On the local scene, the majority of artists usually wait on the Carnival season to release music. With COVID-19 causing Carnival to be completely skipped in 2020, fans are still eager to hear from their favorite artists.
Calypso lover Caron Tobierre said: “I would love to listen to the music. If calypso is truly the voice of the people like we have been saying, then maybe this is the time when we actually need the voice of the people to be heard.
There are so many relevant topics now that could be portrayed in song, and like a lot of people, we are really missing calypso this year. So yes, I would love to hear some soca and calypso music this year. I think it would take us through this period of gloominess and brighten our lives a little bit."
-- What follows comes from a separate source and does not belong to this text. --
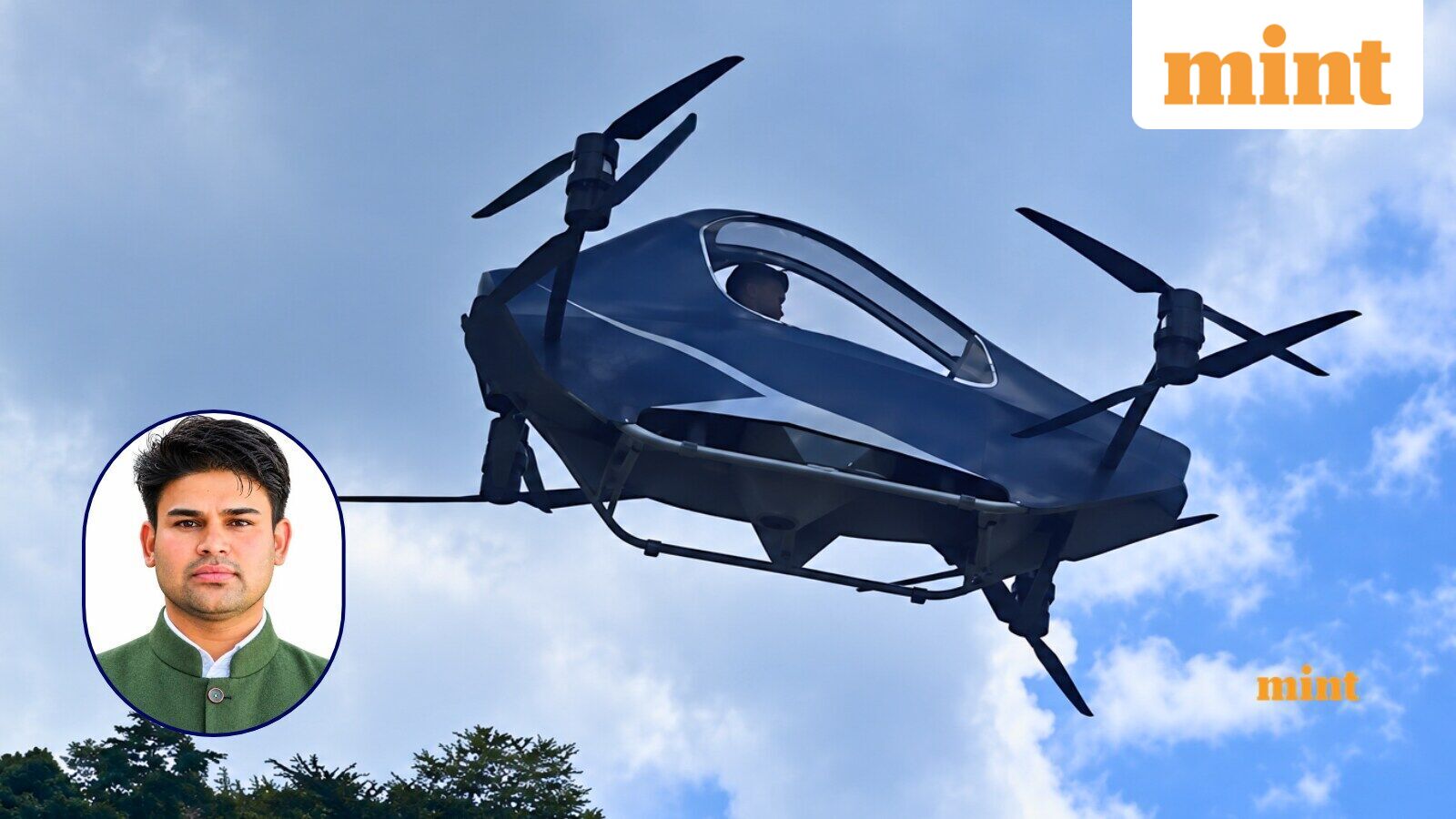 Who is Ravi Tamta? Uttarakhand man develops electric flying car in Almora; check his other inventions — Mint India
Saint Lucia’s 2019 Calypso Monarch, Dennis “Ti Carro” Leo shares that sentiment: “I think artists should continue to write and produce their music.
It is true we don’t have the forum to actually present it, or the formal environment like the calypso season, but there are still avenues like social media and you can access those to keep your fans happy,” Leo expressed.
Leo explained that a hindrance for some artists could be the cost of production but noted this could be mitigated through creativity: “They should use whatever strategies at their disposal to present their ideas to the public, keeping fans happy.”
Former Power Monarch, Ezra D Fun Machine, and prolific writer and performer, Shemmy Johannes, also weighed in on the debate.
“Once you are an artist you must put out work no matter what,” Johannes said.
"I don’t believe that a pandemic should hinder entertainment and I believe we have a responsibility to our fans,” Ezra stated.
Like the rest of the world, artists in the music industry have adopted social distancing protocols in efforts of flattening the curve.
As a result, many artists have been hosting live concerts via their various social media platforms.
Minister for Culture and Creative Industries, Senator Fortuna Belrose, says it is important for calypsonians and soca artists to continue producing content.
“They have to find creative ways to make it happen for them, especially virtually. They need to market themselves to be able to realize some returns, they need to build their membership, build their supporters and fan base and produce material that will be appealing to people globally, not just Saint Lucia, but across the world.”